One of three Abenaki women taken prisoner by the Rangers at St. Francis, she survived the infamous
Rogers Return to Fort No. 4. On the journey she is credited with saving a Rangers life - Dave Mackenzie - by healing
his badly infected leg wound with plants she found along the way.
Her great beauty caught the eye of many of the men at the fort, and eventually took up household with another
surviving Ranger - Alec Wilson. The two became inseperable. Alec came down with the pox in February of 1760
and died shortly later.
Without Alec, she sustained herself by making various leather goods and gardening. Dave MacKenzie, eternally grateful,
bought her supplies or did chores that needed to be done.

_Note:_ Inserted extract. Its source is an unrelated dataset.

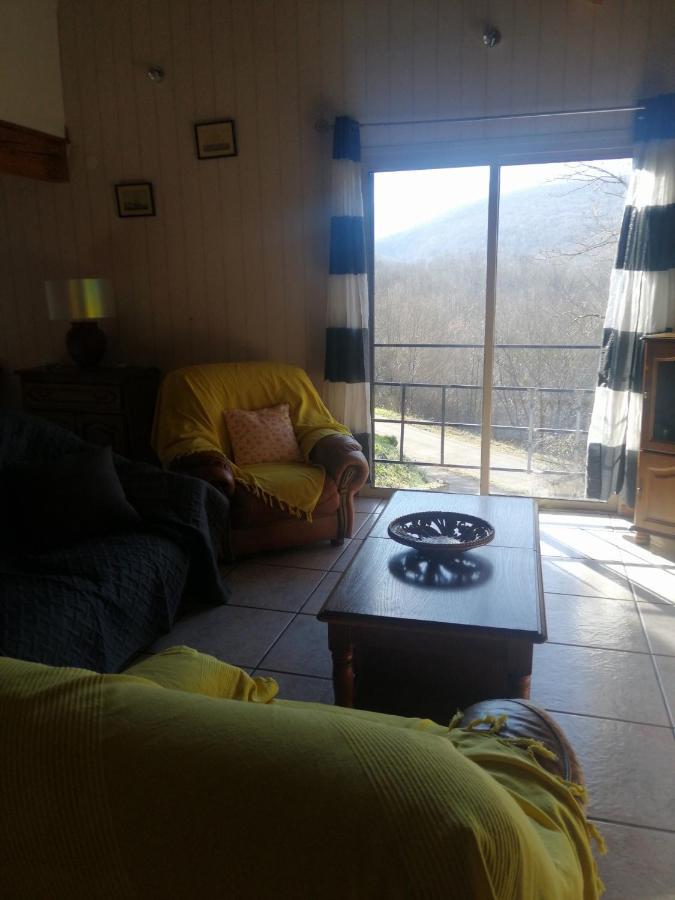 Location De Vacances A Neylis Avec Vue Sur Les Forets Et Les Champs Carla-de-Roquefort 외부 사진
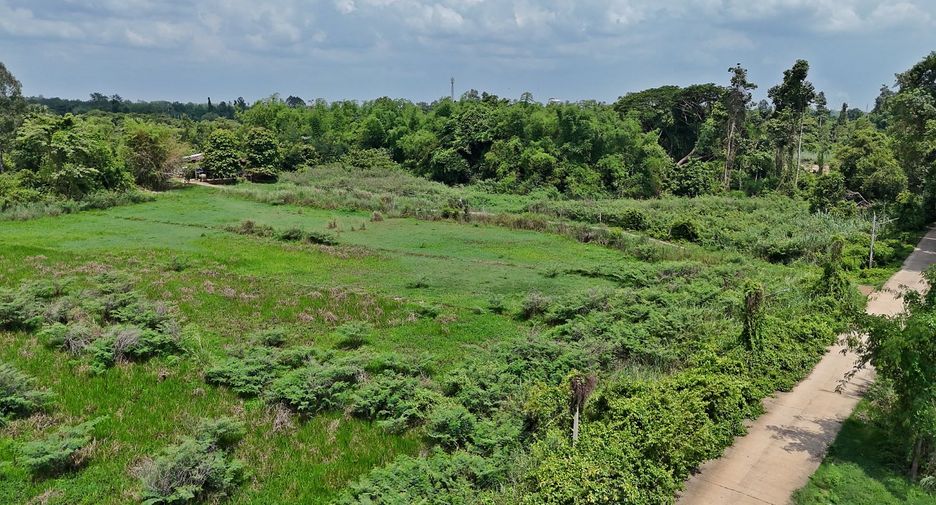 For sale land in Si Maha Phot, Prachin Buri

He also protected her from the other settlers who often meant
to do her harm, and was known to fight any man who dared to say an unkind word about her.
She was shunned by most of the settlers around the fort, partly because she was Abenaki, partly because the women
resented the constant stares by the men raptured by her beauty. The settlers around the fort being mostly Calvanistic
in doctrine, had little love for Native Americans, believing the Lord had not chosen them as heirs of heaven.
With a kind and loving spirit, she made dolls for two small children for Christmas. It was rumored the dolls were
returned to her cabin the next day with their heads chopped off and a note which read, "We don't take no presents from bloody savages".
Dave Mackenzie made the journey with her in March of 1761 northward to the Abenaki village. She was never heard from again,
but many years later it was believed that she married and had 2 children.